(Beginning of Records provided)

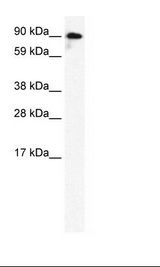 GRIK2 / GLUR6 Antibody - Fetal Brain Lysate.  This image was taken for the unconjugated form of this product. Other forms have not been tested.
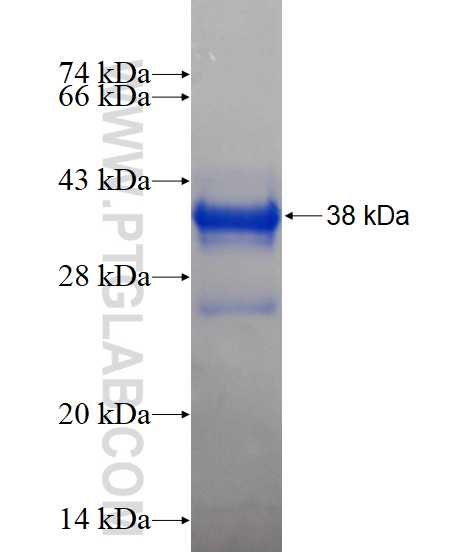 CCDC9 fusion protein Ag15374 SDS-PAGE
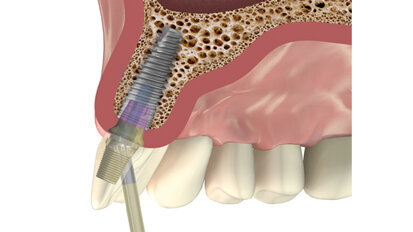 Un nuevo pilar que puede colocarse en distintos ángulos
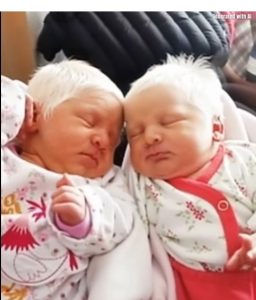 HT17. The First Ever Albino Twins Born In Argentina Will Leave You In Awe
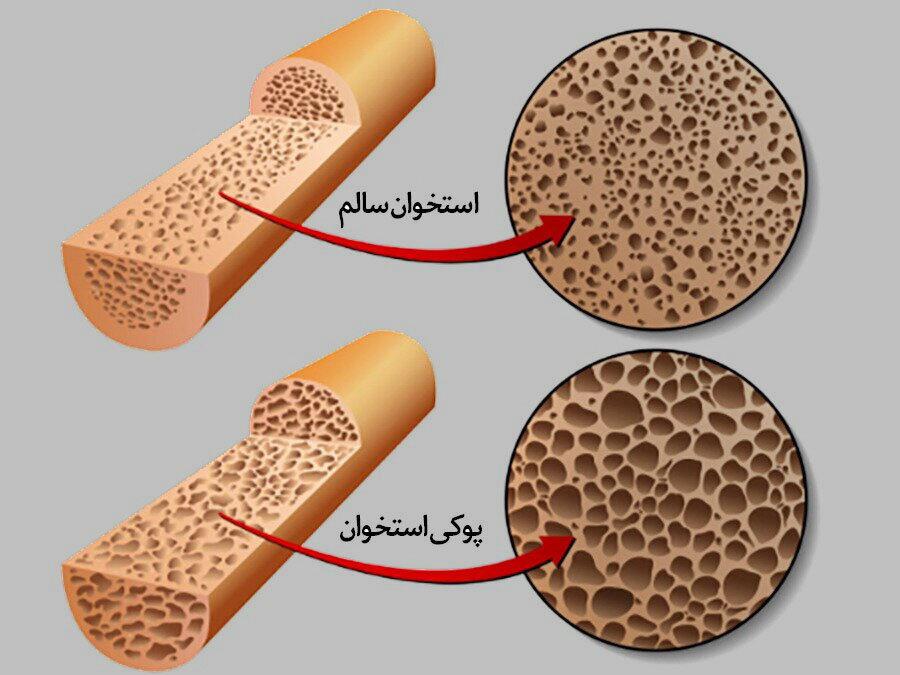 ویتامینی که بیماری خاموش را ضربه فنی می کند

(End of Records provided)

How to complete this task: Reproduce the material word for word, pictures excluded.

Response to this exercise:
 GRIK2 / GLUR6 Antibody - Fetal Brain Lysate.  This image was taken for the unconjugated form of this product. Other forms have not been tested.
 CCDC9 fusion protein Ag15374 SDS-PAGE
 Un nuevo pilar que puede colocarse en distintos ángulos
 HT17. The First Ever Albino Twins Born In Argentina Will Leave You In Awe
 ویتامینی که بیماری خاموش را ضربه فنی می کند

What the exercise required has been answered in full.